Três CDs: Judas, Supervão, Rei Zula

por Leonardo Vinhas

“Casa de Tolerância no 1”, Judas (Martelo)
Quem conhece o Judas de seu álbum de estreia, “Nonada” (2014), pode tomar um susto ao ouvir esse recém-lançado EP (quase um single, na verdade). “Oroboro” tem se tornado uma das favoritas dos shows, mas, em vez da estética da música caipira baseada no rock, essa faixa bebe direta e assumidamente do lado mais romântico de Fagner e de Roberto Carlos. A faixa-título também é alimentada por fontes setentistas, só que as águas são bem mais psicodélicas – algum ponto entre Guimarães Rosa, Geraldo Azevedo e Led Zeppelin. Só “Cada Cidade, Um Porto” guarda semelhanças com o disco anterior, mesmo assim vem com surpresas, como a voz de Maria Sabrina (da banda Maria Sabrina & a Pêia) em dueto com Adalberto e os coros quase cabrocheiros. Com este EP, o Judas – de Brasília – ainda não atingiu o apelo pop que talvez esteja em suas ambições, mas não apenas sinalizou que caminha nesse sentido como também confirmou sua vocação para correr riscos e entregar música que surpreende o ouvinte.

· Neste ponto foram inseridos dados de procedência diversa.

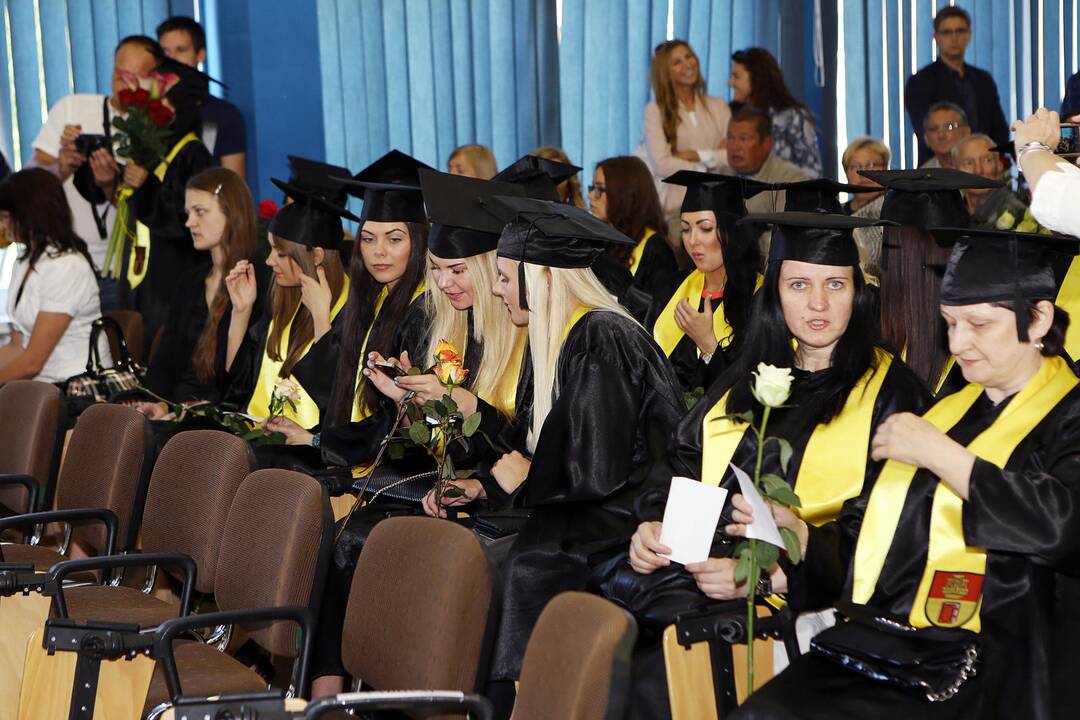 Diplomų teikimas socialiniame fakultete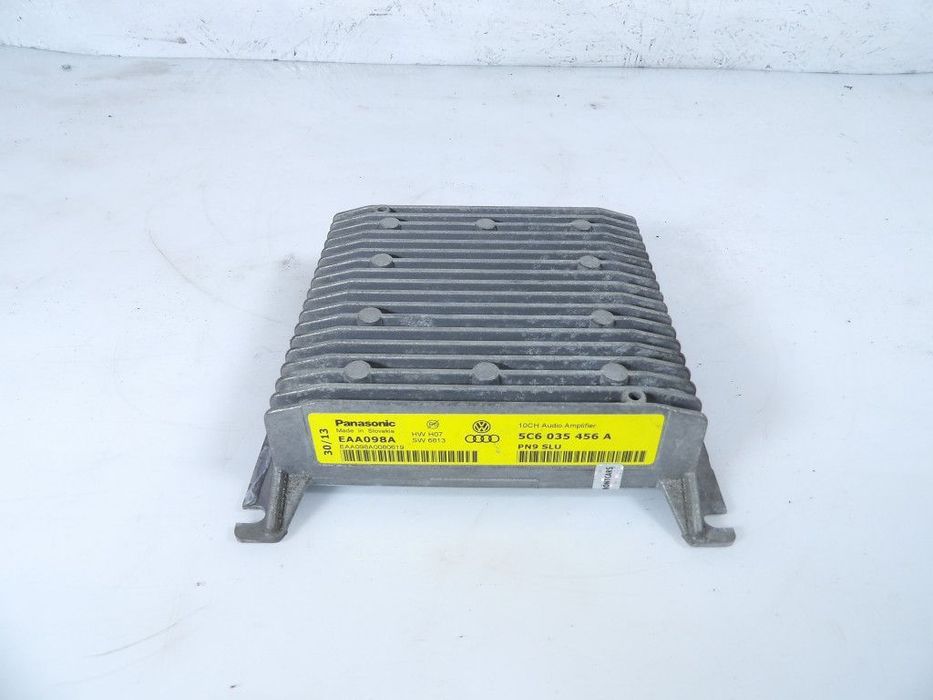 SKODA SUPERB II WZMACNIACZ 5C6035456A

Nota: 6,5 (Ouça no Soundcloud)

“Lua Degradê EP”, Supervão (Honey Bomb Records / Lezma Records)
Pense numa molecada que cresceu ouvindo coisas feitas antes de eles nascerem e agora procuram trazer isso para o presente…. Calma, não estamos falando de garotos de 15 anos tocando classic rock. Mario Arruda (voz e programações), Leonardo Serafini (guitarra) e José Fonseca (baixo) não são tão jovens assim, tampouco estão inspirados por clichês desgastados. O imaginário do trio é habitado por paisagens urbanas enevoadas onde o pós-punk cai como trilha de romance, trip drogada ou uma bem-vinda tarde vazia. Dá para identificar referências de The Cure, Jesus & Mary Chain (o visual parece diretamente inspirado pelos irmãos Reid) e Siouxsie & The Banshees, mas a pretensão (nem sempre atingida) de fazer dançar e conseguir certa “tropicalidade” em meio à névoa garante a personalidade da banda. “Vitória Pós-Humana” pega firme já na primeira audição, “Cadilac Olodum” ganha o prêmio de “melhor título esdrúxulo do mês”, “Degradê” é uma festa, “Lua em Gêmeos” é o Violeta de Outono com aspirações clubber, e ainda tem a algo anódina “O Imperdível Momento da Semana”. Quando a banda conseguir casar as batidas que estão em sua cabeça com as sequências de seus computadores, perigam ficar grandes. Por ora, entregam “só” um bom começo.

Nota; 6,5 (Ouça no Soundcloud)

“Jamaichianas Brasileiras”, Esperando Rei Zula (independente)
Recriar clássicos de determinado gênero em outro estilo que nada lembra o original não é novidade e, de Dread Zeppelin a Easy Star All-Stars, é possível perceber que a música da Jamaica tem carinho entre os versionistas. Ainda assim, o resultado final do EP de estreia dos brasilienses Esperando Rei Zula surpreende. Formado por integrantes (ou ex-integrantes) do Móveis Coloniais de Acaju, Bois de Gerião e Prot(o), o quinteto pega seis composições das Bachianas Brasileiras, de Heitor Villa-Lobos, e as refazem em versões que trazem elementos de reggae, rock steady, dub e ska. É uma “perversão” justa, aliás, já que o compositor erudito se apropriou as formas pré-clássicas de Bach para dar sua leitura de ritmos regionais do Brasil. Assim, “O Trenzinho do Caipira” faz uma nova escala de sua viagem, que começou na Europa, passou pelas salas de concerto das metrópoles brazucas e agora dá um rolê ensolarado pela Jamaica, e a “Embolada”, das Bachianas Brasileiras no1, fica ainda “bolada”. Porém, é com “Cantilena” e “Fantasia” em que eles mostram que a abordagem erudita da música caipira pode desembocar em psicodelia de alto potencial, dando tragadas precisas na fumaça dub. Um dado interessante: o disco foi gravado com recurso do Fundo de Apoio à Cultura do Distrito Federal, e como contrapartida, a banda está fazendo shows em escolas da rede pública, onde também distribui algumas cópias físicas. Educação é isso aí.